But by the Court-The replication is no departure from the declaration; for the time put in the declaration was not material, for he might declare of an assumpsit at any time; but when the defendant makes the time material by his plea, the plaintiff may, by his replication, answer to that plea, for maintaining his action, by the time that before was not material.

And they gave judgment for the plaintiff.(a)

And also, where the defendant, at the parish of Bow, in the ward of Cheap, London, was indebted to the plaintiff, he promised to pay, &c. The defendant pleaded the statute; and the plaintiff replied that the debt was contracted at Teneriffe, beyond sea, viz. in the parish and ward aforesaid; and that, within six years after his return, he brought the action. The defendant demurred, for that the replication was a departure from the declaration, which lays the indebitatus at Bow, in London, and the replication is at Teneriffe, beyond sea.

*But by the Court-'Tis well enough, it also say- [*242] ing in the parish and ward aforesaid.(b)
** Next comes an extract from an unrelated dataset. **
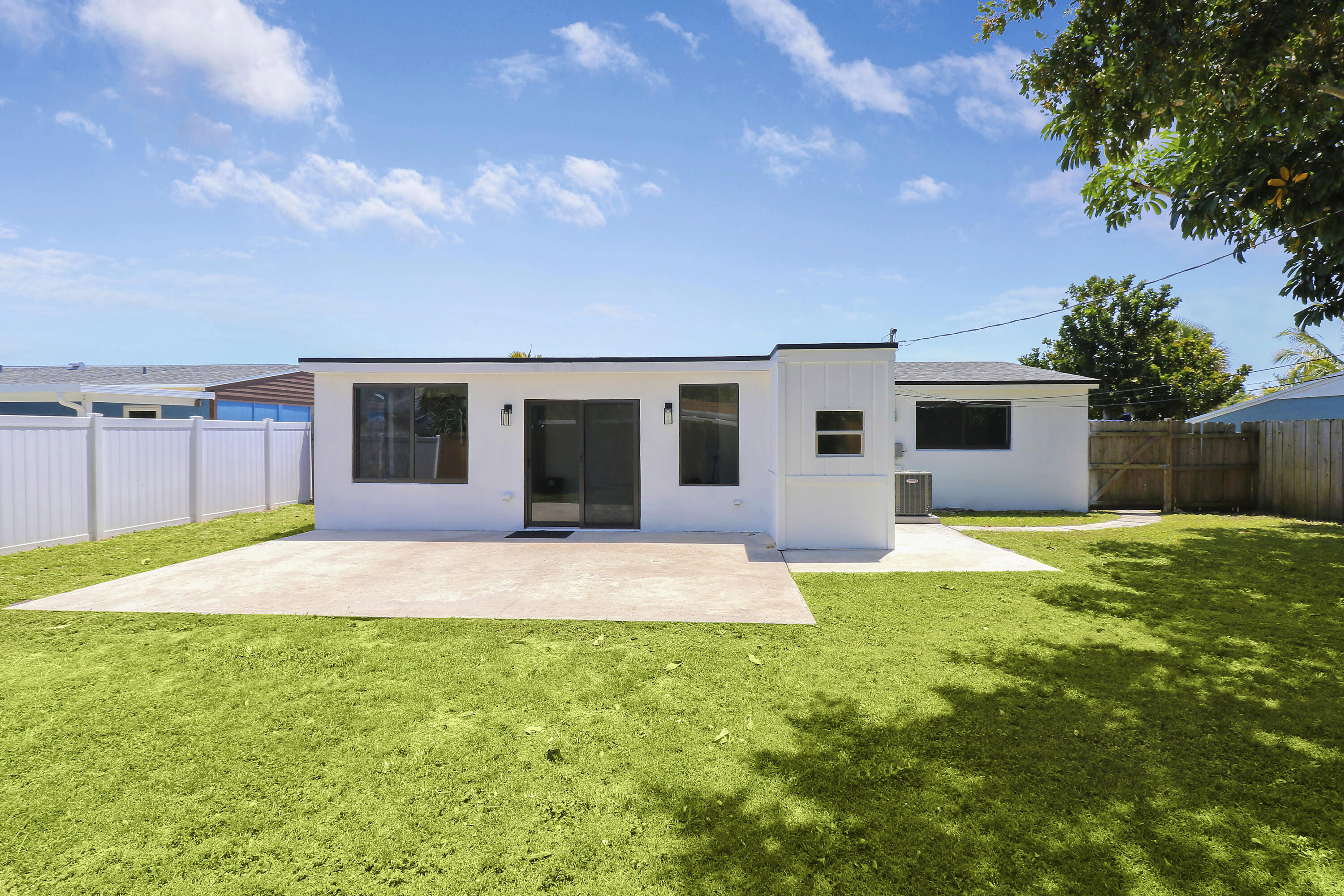 9291 Bloomfield Drive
The plaintiff declared upon a promise made the 16th of January, 1706. The defendant pleaded in bar the Statute of Limitations; and that the cause of action did not accrue within six years before the exhibiting of the bill. The plaintiff replied, the bill was exhibited the 23d January, 1713, and that cause of action did arise within six years before exhibiting the bill. To this the defendant demurred.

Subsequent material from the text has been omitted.